Oktober-Überraschung schlägt zurück

Von Roger Letsch – 23. Oktober 2020

So eine Oktober-Überraschung zu organisieren ist nicht so einfach. Dem Biden-Laptop, welchem wir seit einer Woche fast täglich neue delikate Nachrichten verdanken, etwas Gleichwertiges entgegenzusetzen, erfordert Phantasie. Natürlich versucht man es! Da ist zum Beispiel Trumps „Geheimes Konto in China“. Dafür hatte man extra den Experten für als Schmeicheleien verpackte Ohrfeigen aus dem Ruhestand geholt. Obama: „Könnte ihr euch vorstellen, ich hätte ein geheimes Konto in China gehabt als ich wiedergewählt werden wollte?“ Doch soweit ich weiß, betrieb Obama auch vor seiner Amtszeit nie ein Hotel in China. Ja, von ihm ist überhaupt keine Auslandsaktivität bekannt, die ein Auslandskonto erfordert hätte – warum sollte er also ein Konto dort haben? Obama war nie in der freien Wirtschaft tätig, wo sowas schon vorkommen kann.

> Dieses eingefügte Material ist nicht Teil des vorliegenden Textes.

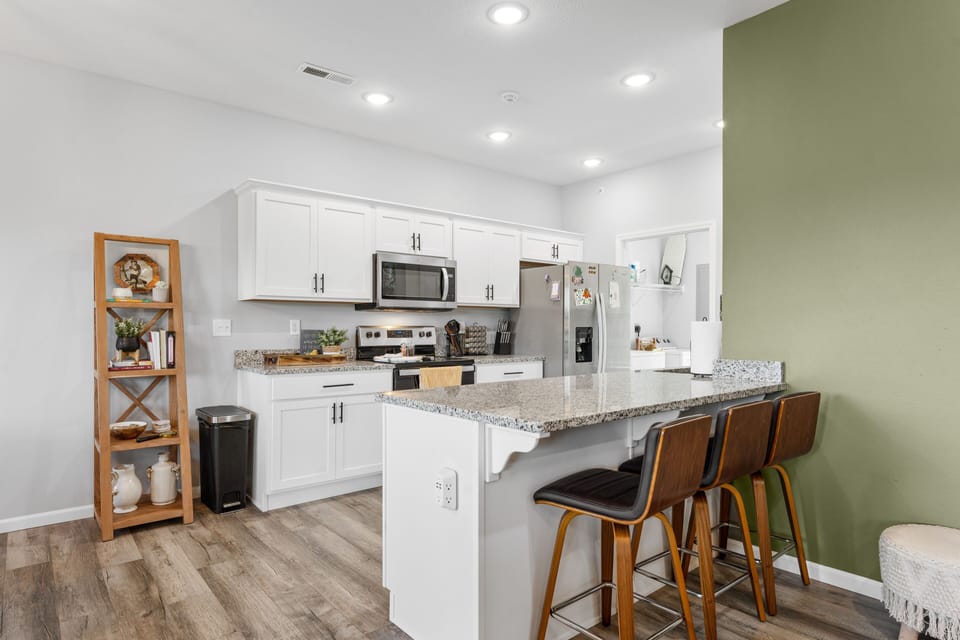 Condo, 3 Bedrooms | Private kitchen | Coffee/tea maker, fridge, oven, toaster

Das fragliche Konto gehört auch nicht Trump selbst, sondern der „Trump International Hotels Management L.L.C.“, seiner Holtelverwaltungsfirma. Ebenso „gefunden“ wurden ein Konto in Irland und eins in Schottland, wo sie zu Trumps jeweiligen Golf-Ressorts gehören. Wie die superschlauen Oktober-Überrascher das mit Trumps supergeheimem China-Konto herausgefunden haben? Dies gehe aus der Analyse von Trumps Steuerunterlagen hervor, berichtet die New York Times. Die allergeheimsten Konten für krumme Geschäfte sind bekanntlich die, von denen das Finanzamt offensichtlich Kenntnis hat und sogar den Kontostand kennt. Wie clever! Wir staunen und lernen: geheim ist ein Konto nicht, wenn man darüber am Fiskus des jeweiligen Landes vorbei Geschäfte macht, sondern wenn die amerikanische Mainstreampresse nicht regelmäßig die Kontoauszüge zu sehen bekommt. Für die meisten Leser wird es jetzt ziemlich eng…

Rudi wird entkabelt

Doch wenn der Eselsschwanz schon nicht an Trump haften bleiben will, wie wäre es mit dessen Anwalt, Rudi Giuliani? Hat der nicht gerade den Ermittlungsbehörden von Delaware heikles BLM*-Bildmaterial übergeben, das Hunter Biden einige Probleme bereiten könnte? Warum nicht mit gleicher Münze zurückzahlen? Man habe Filmmaterial, so raunt der Blätterwald, auf dem Giuliani mit einer Minderjährigen im Hotelzimmer zu sehen ist und der Rudi hat schon die Hand in der Hose…ach, Mist! War auch wieder nichts. Die Minderjährige war 24, Giuliani war gerade interviewt worden und hatte sich nur das Hemd wieder in die Hose gestopft, nachdem Mikrofonsender und das unter dem Hemd entlang geführte Kabel zum Kragenmikro dort hervorgeholt wurden.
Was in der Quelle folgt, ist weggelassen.